[Given entries]:
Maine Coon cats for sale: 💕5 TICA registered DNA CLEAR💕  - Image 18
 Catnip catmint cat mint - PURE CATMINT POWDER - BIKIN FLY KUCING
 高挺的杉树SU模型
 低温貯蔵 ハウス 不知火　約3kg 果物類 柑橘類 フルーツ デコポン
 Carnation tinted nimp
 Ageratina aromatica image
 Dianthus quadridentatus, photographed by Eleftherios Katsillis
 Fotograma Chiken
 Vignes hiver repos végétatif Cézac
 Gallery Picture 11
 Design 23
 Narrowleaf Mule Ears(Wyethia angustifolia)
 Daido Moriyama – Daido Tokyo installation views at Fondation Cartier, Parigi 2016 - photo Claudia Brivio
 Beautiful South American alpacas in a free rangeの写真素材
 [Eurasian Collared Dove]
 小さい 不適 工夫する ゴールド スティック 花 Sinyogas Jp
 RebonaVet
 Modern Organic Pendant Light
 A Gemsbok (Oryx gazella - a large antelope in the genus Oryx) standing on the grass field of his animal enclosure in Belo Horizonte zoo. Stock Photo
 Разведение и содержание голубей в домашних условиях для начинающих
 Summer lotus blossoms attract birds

[Problem statement]:
Repeat the listing in its entirety, keeping each line as it is.

[Problem solution]:
Maine Coon cats for sale: 💕5 TICA registered DNA CLEAR💕  - Image 18
 Catnip catmint cat mint - PURE CATMINT POWDER - BIKIN FLY KUCING
 高挺的杉树SU模型
 低温貯蔵 ハウス 不知火　約3kg 果物類 柑橘類 フルーツ デコポン
 Carnation tinted nimp
 Ageratina aromatica image
 Dianthus quadridentatus, photographed by Eleftherios Katsillis
 Fotograma Chiken
 Vignes hiver repos végétatif Cézac
 Gallery Picture 11
 Design 23
 Narrowleaf Mule Ears(Wyethia angustifolia)
 Daido Moriyama – Daido Tokyo installation views at Fondation Cartier, Parigi 2016 - photo Claudia Brivio
 Beautiful South American alpacas in a free rangeの写真素材
 [Eurasian Collared Dove]
 小さい 不適 工夫する ゴールド スティック 花 Sinyogas Jp
 RebonaVet
 Modern Organic Pendant Light
 A Gemsbok (Oryx gazella - a large antelope in the genus Oryx) standing on the grass field of his animal enclosure in Belo Horizonte zoo. Stock Photo
 Разведение и содержание голубей в домашних условиях для начинающих
 Summer lotus blossoms attract birds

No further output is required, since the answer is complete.